The above DNAs were mixed into 3 pools in equal amounts, and the samples were designated R01 (wild type parental mixed pool), R02 (wild type mixed pool in BC1F2 population), R03 (mutant mixed pool in BC1F2 population), in that order. And (3) detecting the quality of the DNA in the 3 mixing pools by an electrophoresis and ultraviolet spectrophotometer method, and re-sequencing the DNA in the Beirui and congong department.

1.1PCR amplification

PCR amplification reaction (20. mu.L system) was performed with regular EasyTaq enzyme:

the amplification conditions were as follows:

reaction system (50. mu.L system) for nested PCR with Phusion Hi-Fi polymerase:

the amplification conditions were as follows:

1.2 preparation of electrophoresis buffer

The formula of the 30% polyacrylamide mother liquor is as follows:

1.5M Tris-HCl formulation:

0.5M Tris-HCl formulation:

TEMED (N, 'N' -tetramethylethylenediamine): purchased from wayne biotechnology, 4.

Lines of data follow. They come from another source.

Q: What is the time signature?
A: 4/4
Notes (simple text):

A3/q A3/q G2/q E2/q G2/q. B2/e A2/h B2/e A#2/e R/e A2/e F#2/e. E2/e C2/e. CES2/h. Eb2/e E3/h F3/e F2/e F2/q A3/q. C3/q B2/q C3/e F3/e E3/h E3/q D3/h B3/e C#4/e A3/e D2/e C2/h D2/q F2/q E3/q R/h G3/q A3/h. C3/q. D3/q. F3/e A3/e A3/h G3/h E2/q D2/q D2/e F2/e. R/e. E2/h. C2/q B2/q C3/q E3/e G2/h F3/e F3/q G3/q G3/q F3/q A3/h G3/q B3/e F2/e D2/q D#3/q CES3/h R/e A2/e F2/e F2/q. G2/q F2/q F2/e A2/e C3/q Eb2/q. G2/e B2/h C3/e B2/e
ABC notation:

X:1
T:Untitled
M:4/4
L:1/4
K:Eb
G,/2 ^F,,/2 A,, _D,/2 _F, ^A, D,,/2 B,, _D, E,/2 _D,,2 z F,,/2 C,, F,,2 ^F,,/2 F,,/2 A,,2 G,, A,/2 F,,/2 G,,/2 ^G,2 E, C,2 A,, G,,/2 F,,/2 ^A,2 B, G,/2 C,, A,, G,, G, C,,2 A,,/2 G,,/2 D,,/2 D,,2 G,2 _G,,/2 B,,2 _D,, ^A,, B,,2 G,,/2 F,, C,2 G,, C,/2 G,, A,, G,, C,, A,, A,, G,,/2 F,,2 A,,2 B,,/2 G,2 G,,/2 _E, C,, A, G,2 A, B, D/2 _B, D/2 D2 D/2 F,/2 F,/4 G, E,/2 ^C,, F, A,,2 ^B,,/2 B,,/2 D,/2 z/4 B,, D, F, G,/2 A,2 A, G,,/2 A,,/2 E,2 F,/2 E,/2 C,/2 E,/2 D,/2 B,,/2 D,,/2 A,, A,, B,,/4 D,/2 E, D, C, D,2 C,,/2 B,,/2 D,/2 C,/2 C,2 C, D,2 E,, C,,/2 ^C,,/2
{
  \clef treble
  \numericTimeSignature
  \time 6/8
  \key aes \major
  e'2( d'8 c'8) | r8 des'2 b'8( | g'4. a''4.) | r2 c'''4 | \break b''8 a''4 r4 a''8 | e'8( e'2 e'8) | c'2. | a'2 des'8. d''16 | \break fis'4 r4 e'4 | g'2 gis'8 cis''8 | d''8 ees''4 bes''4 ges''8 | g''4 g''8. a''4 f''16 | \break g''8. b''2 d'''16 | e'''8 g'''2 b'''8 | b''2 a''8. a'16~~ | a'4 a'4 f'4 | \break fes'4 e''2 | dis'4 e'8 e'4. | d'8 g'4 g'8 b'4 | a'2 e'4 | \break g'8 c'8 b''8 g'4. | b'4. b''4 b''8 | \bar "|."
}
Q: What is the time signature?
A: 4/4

10% APS (10% ammonium persulfate solution) formulation:

Tris-Glycine electrophoresis buffer formula:

the genotype of the lotus bean 12 is a banding pattern, the genotype of the Williams82 is a banding pattern b, the genotype of a heterozygote of the F1 generation is a banding pattern h, DNA of a mutant plant (namely a mutant plant in the F2 generation) separated from a group of hybridization of the gmyld1 and the Williams82 between the F1 generation and the F2 generation is extracted as a template, 128 Indel molecular markers with polymorphism uniformly distributed on the 20 chromosomes of the lotus bean 12 are used as PCR amplification primers to amplify the DNA, and then an acrylamide gel is used for electrophoretic separation of PCR products to determine that the DNA belongs to the banding pattern a b or the banding pattern h. According to the formula, a chromosome band with the lowest recombination rate is searched for according to the recombination rate of (h +2b)/(a + b + h) × 2, the mutation site is determined to be positioned on chromosome 20, dCAPS and SSR molecular markers are further used as primers, plants of F1 generation and F2 generation are continuously cultivated and expanded map-based clone groups, and the separated 1564 mutant single strains are used as templates, the mutation site is determined to be chromosome 20 8606837, and C-T mutation occurs, which is shown in figure 1 and figure 2.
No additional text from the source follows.